I step into my office as the April sun starts making its presence felt. It has been a delightful roller coaster ride these last two years for my services company, but the cash flow cycle has been the toughest challenge to check. We have always had receivable delays and purchases exceeding expenses for months on end- thus burning into our capital. It won’t be long before the reserves dry out and we live hand to mouth. Do the increasing popularity and happier customers mean anything to the ruthless struggle for existence?

This might seem like a story of a small business gasping for breath. We live in interesting times where there are multiple parameters to gauge how your business is performing. Initiatives revolving around customer service and social media might often project an entirely different scenario as compared to the P&L statements. Fortunately, that keeps the entrepreneur’s head above the water and helps him keep his hopes alive. It is plain silly giving up on yourself and your business purely because it doesn't perform financially, because it always has the potential to. That’s where hard work and pragmatism comes in.

It was 6 months back, when our war chest was flush with funds with the investor who had recently stepped in. We invested in new marketing material, upgraded all the infrastructure and carved out a new identity. Business was running as usual and we wrote cheques as if a grander tomorrow was certain. Checking if we were burning money never crossed my mind, everything was going so well. Big customers, bigger media features and the world adored us (still does).
‘Coolness’ galore.

Rushing water in a pipe is a welcome scenario, and your delighted self might pay least attention to small leaks because they are of little consequence then. Rushing water means wealth, and you’d be prancing around directing its flow, watering the right plants and doing away with settled dirt. The leaks exist, the weak pipe joints squeak every now and then but rushing water captures your imagination.

Then suddenly, the flow stops, and it is beyond your control. The only thing you can do is to look at the pipeline lying dry. There are spurts of water that comes in every now and then, but the weak joints and the leaks halve the flow down. You now realize how serious the situation is, when every drop is important for your very existence.

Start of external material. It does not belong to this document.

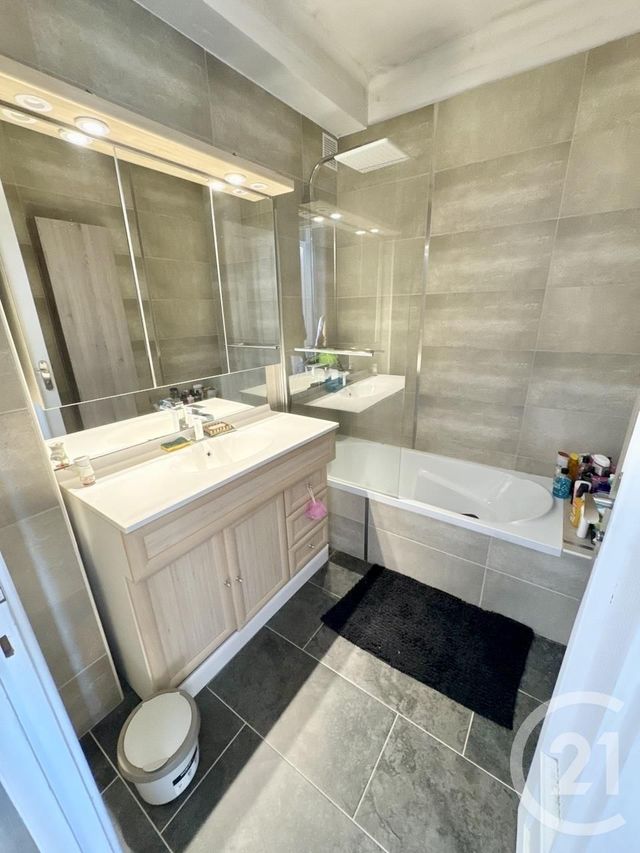 Appartement T4 à louer - 4 pièces - 81,37 m2 - Rodez - 12 - MIDI-PYRENEES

Brushing exhaustion off my brows, I have a word with a couple of my managers resolving to understand how the entire business cycle is functioning. It was something I had ignored in my obsession with my service offering, but it was high time to know how things run in order to fix the situation. I realized that due to certain gaps in our communication, customers didn’t find it convenient to pay immediately and took their own time. There were loopholes in the way petty cash on the field was handled and there were methods (which we were not employing) to check excess expenditure. Damn, why had I not inspected the pipeline before? Better late than never, right?

This is when you sit down on your haunches, in the good old earth you stood on all this while, and fix the darn pipe with your bare hands. This is when you bring out the tools, blow the dust away, understand your pipe from all aspects and fix the darn thing. You ensure that it saves every drop, you ensure that the system is now tight. And as you walk towards the source of the flow aiming to fix that too, relieved lies the head that sports the crown.